The measurement of these four properties of a coal must be carried out according to strict specifications
codified by the ASTM. Note that the four constituents of proximate analysis do not exist, per se, in the
coal, but are measured as analytical results upon treating the coal sample to various conditions.
ASTM volatile matter released from coal includes carbon dioxide, inorganic sulfur- and nitrogen-
containing species, and organic compounds. The percentages of these various compounds or species
released from the coal varies with rank. Volatile matter content can typically be reported on a number of
bases, such as moist; dry, mineral matter-free (dmmf); moist, mineral matter-free; moist, ash-free; and
dry, ash-free (daf), depending on the condition of the coal on which the measurements were made.
Mineral matter and ash are two distinct entities. Coal does not contain ash, even though the ash
content of a coal is reported as part of its proximate analysis. Instead, coal contains mineral matter, which
can be present as distinct mineral entities or inclusions and as material intimately bound with the organic
matrix of the coal. Ash, on the other hand, refers to the solid inorganic material remaining after
combusting a coal sample. Proximate ash content is the ash remaining after the coal has been exposed to
air under specific conditions codified in ASTM Standard Test Method D 3174. It is reported as the mass
percent remaining upon combustion of the original sample on a dry or moist basis.

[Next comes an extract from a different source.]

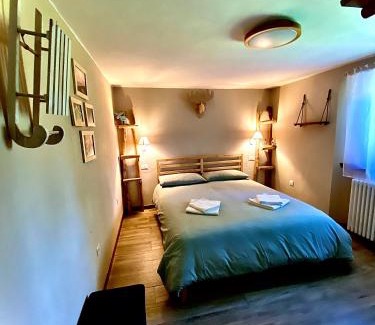 Granaglione Bed & Breakfast | Pet-Friendly Comfort at B&B La Presa - Rated 9/10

Moisture content refers to the mass of water released from the solid coal sample when it is heated
under specific conditions of temperature and residence time as codified in ASTM Standard Test Method
D 3173.
The fixed carbon content refers to the mass of organic matter remaining in the sample after the
moisture and volatile matter are released. It is primarily made up of carbon. However, hydrogen, sulfur,
and nitrogen also are typically present. It is reported by difference from the total of the volatile matter,
ash, and moisture contents on a mass percent of the original coal sample basis. Alternatively, it can be
reported on a dry basis; a dmmf basis; or a moist, mineral matter-free basis.
The values associated with a proximate analysis vary with rank. In general, volatile matter content
decreases with increasing rank, while fixed carbon content correspondingly increases. Moisture and ash
also decrease, in general, with rank. Typical values for proximate analyses as a function of the rank of a
coal are provided in Table 2.3.
The ultimate analysis provides the composition of the organic fraction of coal on an elemental basis.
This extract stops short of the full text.